2016年の熊本地震の時には、プールから水を汲んできておいてトイレで用を足した後バケツ2杯の水を流すよう指示されていました。小学校などにある25mプールの水の量は36万リットルです。避難者500人いる場合3日分です。
さらに、余震が続く中でプールの水を汲むというのは危険が伴いますし、地震によってプールはひび割れて水漏れします。
災害用のトイレとして落下式マンホールトイレがあります。昔のポットン便所です。しかし、これは非衛生です。
地下水を使った次世代型水洗式マンホールトイレがあります。トイレの下に水が流れるようにして排せつ物を処理します。水は、停電しても大丈夫なように手押しポンプの防災井戸から供給します。これに、4立方メートルくらいの貯留層を設ければ、下水管が破損していても当面トイレは使えます。
防災井戸と耐震性貯水槽を「道の駅」などに設けるのが良いと考えます。貯水槽の水は飲用にも使えます。防災井戸は手押しで50m下から水を汲み上げることができ、3歳児でも水を汲むことができます。

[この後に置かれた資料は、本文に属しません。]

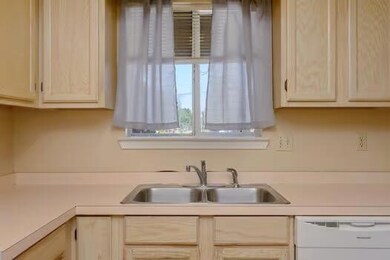 D5ABBF78-D648-4D99-B53E-4D1937084E1F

役所や小学校など色々なところに防災井戸を設け、様々な災害に対応できるようにするのが良いです。
熊本地震で被害の大きかった甲佐町では、地震発生前から設置してあった4箇所の防災井戸が損壊しないで水を供給できました。地震発生の4月14日から16日までの3日間で震度7が2回を含む震度6弱以上の地震が7回起きました。防災井戸の有効性が実戦で証明されました。災害時にはネットワークではなく点で多くの水源があった方が強いのです。
なお、この発表会の講演資料集は、エネ環地研のウェブサイトからダウンロードできます(2025年2月23日確認)。